One family’s story

Kęstutis Pikūnas

Book compiler ( „Jonas and Adolfas Mekas. Gyvenimo lai(š)kai”)

Photo credits: Mantas Gudzinevičius

So, this is going to be a book about Mekas? It was usually on this questioning note that my friends would end our conversations when I told them about my soon to be published book’s form and content. Yes, Jonas Mekas was a very famous Lithuanian artist who gained worldwide renown and was often dubbed the “Godfather of Avant-Garde Film”, but, very often, that’s all that we know about him. On the other hand, his youngest brother Adolfas is even less known to us. For decades, the brothers followed in each other’s footsteps and competed among themselves as to whose creations were better, but they were constantly together and very often worked together.

While I was compiling my book, I deliberately chose to focus on a narrative about two brothers in order to get away from lauding any one particular individual and that is why I very consciously left out their personal achievements, films that they created and awards that they had merited.
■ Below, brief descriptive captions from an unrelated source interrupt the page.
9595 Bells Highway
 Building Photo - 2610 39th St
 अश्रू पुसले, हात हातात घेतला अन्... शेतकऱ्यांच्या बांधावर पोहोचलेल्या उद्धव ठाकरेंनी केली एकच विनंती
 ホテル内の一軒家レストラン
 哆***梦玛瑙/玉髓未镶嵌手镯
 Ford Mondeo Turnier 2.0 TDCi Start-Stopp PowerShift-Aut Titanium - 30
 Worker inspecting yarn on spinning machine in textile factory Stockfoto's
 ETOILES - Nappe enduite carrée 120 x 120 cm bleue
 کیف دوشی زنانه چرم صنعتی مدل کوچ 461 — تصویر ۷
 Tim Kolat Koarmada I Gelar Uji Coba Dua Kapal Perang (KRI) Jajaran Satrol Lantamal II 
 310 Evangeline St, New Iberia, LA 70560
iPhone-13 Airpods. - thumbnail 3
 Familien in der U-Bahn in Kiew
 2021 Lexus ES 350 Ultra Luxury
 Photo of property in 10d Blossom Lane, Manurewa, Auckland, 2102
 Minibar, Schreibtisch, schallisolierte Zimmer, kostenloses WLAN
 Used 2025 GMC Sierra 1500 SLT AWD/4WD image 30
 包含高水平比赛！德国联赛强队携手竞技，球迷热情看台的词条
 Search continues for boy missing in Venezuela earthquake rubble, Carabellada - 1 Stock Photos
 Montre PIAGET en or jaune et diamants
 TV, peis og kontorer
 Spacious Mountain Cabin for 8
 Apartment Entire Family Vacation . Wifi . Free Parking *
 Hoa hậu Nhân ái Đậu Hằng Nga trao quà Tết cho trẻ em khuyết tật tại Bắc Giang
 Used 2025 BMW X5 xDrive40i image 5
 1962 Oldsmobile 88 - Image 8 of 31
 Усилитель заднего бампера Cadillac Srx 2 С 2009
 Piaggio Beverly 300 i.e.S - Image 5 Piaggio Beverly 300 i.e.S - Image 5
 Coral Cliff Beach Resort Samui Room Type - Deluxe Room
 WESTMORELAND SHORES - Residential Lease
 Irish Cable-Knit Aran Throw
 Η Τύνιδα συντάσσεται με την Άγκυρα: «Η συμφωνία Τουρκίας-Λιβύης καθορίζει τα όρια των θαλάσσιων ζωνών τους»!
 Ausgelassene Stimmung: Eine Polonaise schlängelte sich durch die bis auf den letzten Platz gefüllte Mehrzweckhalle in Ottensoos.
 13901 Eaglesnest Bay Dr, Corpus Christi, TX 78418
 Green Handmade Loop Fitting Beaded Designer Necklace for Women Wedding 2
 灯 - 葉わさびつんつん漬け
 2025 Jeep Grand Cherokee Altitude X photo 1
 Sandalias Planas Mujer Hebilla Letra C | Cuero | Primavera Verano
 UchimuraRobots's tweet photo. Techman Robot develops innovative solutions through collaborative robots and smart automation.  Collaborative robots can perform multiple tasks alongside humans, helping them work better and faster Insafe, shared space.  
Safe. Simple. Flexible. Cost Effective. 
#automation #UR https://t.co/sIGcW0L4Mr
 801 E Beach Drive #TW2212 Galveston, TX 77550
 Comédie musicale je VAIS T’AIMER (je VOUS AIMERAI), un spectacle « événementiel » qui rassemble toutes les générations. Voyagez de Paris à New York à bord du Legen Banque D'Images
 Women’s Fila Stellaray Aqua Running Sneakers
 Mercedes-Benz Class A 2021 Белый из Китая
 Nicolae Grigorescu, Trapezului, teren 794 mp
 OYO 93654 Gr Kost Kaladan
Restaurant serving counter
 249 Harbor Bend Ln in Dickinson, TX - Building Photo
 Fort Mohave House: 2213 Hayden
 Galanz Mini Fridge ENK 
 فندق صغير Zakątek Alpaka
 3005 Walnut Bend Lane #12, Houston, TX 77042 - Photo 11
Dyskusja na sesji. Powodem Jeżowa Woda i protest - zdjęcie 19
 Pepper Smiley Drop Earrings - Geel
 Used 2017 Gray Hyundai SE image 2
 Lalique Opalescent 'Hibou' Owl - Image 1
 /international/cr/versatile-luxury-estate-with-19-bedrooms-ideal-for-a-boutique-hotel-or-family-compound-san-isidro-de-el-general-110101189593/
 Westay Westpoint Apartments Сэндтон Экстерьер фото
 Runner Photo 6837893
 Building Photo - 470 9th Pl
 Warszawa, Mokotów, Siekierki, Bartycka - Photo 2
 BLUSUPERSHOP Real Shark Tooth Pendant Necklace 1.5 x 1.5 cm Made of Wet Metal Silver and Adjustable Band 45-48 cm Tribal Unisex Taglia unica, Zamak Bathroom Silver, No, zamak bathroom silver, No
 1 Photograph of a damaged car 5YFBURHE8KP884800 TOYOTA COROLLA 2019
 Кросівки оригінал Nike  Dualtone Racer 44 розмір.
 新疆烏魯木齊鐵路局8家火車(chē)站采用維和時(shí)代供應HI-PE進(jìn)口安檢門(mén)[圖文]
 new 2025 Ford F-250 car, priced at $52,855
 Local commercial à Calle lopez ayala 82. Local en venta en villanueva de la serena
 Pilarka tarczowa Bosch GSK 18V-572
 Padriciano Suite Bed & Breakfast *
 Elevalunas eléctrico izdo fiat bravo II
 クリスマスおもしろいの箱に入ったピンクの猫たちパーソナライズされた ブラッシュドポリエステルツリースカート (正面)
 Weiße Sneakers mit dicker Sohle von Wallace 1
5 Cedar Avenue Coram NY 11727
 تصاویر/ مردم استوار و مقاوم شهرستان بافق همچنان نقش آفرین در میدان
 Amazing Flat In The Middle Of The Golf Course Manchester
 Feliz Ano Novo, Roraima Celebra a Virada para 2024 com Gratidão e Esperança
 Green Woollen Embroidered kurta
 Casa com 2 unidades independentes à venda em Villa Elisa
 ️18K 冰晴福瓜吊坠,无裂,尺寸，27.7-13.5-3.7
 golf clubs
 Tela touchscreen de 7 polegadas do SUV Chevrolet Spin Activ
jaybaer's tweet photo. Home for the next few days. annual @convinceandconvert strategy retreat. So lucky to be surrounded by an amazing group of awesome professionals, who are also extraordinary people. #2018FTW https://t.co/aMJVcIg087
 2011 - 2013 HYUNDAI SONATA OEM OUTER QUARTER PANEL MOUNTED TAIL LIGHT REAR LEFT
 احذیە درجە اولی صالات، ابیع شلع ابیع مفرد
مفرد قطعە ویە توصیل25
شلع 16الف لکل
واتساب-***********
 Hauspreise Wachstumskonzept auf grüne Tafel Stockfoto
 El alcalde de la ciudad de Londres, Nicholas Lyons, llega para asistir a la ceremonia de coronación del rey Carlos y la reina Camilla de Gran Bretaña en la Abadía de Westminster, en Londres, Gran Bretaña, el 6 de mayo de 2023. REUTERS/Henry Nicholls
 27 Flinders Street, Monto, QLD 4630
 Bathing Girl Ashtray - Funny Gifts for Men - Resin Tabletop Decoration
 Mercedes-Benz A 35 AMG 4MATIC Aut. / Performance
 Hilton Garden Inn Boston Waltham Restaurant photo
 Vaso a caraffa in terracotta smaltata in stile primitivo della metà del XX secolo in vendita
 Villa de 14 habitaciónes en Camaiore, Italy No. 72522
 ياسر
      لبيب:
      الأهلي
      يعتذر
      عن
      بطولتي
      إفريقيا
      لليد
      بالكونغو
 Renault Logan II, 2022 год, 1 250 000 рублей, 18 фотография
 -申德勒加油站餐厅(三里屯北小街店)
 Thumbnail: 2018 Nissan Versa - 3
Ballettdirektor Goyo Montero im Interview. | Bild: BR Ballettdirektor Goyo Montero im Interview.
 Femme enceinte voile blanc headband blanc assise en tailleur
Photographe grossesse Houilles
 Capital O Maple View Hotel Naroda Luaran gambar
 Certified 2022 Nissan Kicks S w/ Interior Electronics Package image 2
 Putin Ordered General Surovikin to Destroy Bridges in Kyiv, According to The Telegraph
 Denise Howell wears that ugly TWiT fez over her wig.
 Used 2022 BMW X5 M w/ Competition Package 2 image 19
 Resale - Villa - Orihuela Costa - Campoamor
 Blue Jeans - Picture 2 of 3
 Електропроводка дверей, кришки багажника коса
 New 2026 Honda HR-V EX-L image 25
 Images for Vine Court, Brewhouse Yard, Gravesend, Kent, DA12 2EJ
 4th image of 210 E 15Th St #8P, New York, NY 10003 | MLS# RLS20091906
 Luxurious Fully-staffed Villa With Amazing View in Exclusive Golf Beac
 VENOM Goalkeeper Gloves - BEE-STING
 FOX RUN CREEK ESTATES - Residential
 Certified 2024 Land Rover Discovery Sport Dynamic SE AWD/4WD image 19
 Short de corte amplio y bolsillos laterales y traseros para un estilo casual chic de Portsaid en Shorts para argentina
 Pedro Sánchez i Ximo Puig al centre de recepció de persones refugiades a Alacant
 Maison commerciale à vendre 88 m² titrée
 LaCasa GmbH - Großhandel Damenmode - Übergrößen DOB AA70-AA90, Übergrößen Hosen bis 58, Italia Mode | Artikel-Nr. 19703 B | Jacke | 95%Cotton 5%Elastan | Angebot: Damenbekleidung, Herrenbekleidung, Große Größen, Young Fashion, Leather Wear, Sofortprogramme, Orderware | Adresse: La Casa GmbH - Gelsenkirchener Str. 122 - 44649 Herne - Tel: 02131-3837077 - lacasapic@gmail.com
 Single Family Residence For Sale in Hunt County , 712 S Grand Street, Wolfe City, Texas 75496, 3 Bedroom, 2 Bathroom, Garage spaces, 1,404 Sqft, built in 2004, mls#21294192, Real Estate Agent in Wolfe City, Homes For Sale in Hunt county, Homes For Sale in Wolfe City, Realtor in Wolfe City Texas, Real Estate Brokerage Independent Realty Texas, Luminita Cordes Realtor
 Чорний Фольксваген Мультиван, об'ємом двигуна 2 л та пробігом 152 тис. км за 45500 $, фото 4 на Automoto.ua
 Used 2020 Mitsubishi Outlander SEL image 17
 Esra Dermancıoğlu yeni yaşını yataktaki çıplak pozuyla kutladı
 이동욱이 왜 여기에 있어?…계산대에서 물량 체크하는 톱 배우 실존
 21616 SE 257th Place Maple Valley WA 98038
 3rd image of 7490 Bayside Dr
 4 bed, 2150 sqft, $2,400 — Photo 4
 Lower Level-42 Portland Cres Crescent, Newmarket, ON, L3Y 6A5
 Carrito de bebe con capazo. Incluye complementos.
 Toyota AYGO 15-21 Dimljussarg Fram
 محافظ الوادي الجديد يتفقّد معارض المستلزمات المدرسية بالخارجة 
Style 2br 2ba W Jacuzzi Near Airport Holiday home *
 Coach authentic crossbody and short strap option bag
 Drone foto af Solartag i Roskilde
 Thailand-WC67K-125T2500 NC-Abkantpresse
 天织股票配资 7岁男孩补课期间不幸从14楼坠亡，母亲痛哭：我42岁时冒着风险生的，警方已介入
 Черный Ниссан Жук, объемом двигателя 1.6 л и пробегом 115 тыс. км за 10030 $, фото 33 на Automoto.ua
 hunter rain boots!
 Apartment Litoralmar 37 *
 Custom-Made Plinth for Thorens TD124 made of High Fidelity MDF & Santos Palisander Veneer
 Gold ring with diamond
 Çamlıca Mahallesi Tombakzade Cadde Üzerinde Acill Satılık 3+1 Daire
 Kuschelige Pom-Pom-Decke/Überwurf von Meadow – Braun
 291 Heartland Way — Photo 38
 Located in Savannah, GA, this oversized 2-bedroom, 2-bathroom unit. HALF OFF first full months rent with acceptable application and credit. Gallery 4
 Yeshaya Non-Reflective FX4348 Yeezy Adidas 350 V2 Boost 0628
The photographs and letters that I chose create a story that you would seem to have heard or seen somewhere.

The letters that the brothers wrote remind us once again that those people who are often left on the sidelines when one is writing about a success story are often the most important ones in our lives.

Kęstutis Pikūnas

The Mekas brothers spent their childhood in the village of Semeniškiai in the Papilys region, not far from the town of Biržai in northeastern Lithuania. In a rare interview, their mother, Elžbieta Mekienė, said, “You could tell from their very youngest days that those children had a calling that was different from the rest of our relatives. When my Jonas could barely reach the table, he was already saying, “I’m going to be a writer…a writer of truth.” And, after the animals on the farm were asleep, I would see Jonas and Adolfas playing soldiers. They would line up two armies – one made out of sticks and the other out of small stones – and play.”

During the fateful year of 1944 in Nazi occupied Lithuania, Jonas and Adolfas were living with their well-known uncle, pastor Povilas Jašinskas of the Biržai Evangelical Reformed Church, in the attic of the rectory where they had a typewriter on which they would transcribe hand-written texts for the underground press. One night, their typewriter disappeared from the stack of logs in which it had been hidden. This did not bode well for the brothers. Without further delay, they decided to leave Lithuania. During their journey through Germany, they were taken as prisoners of war by the Nazis and sent to a forced labor camp in Elmshorn.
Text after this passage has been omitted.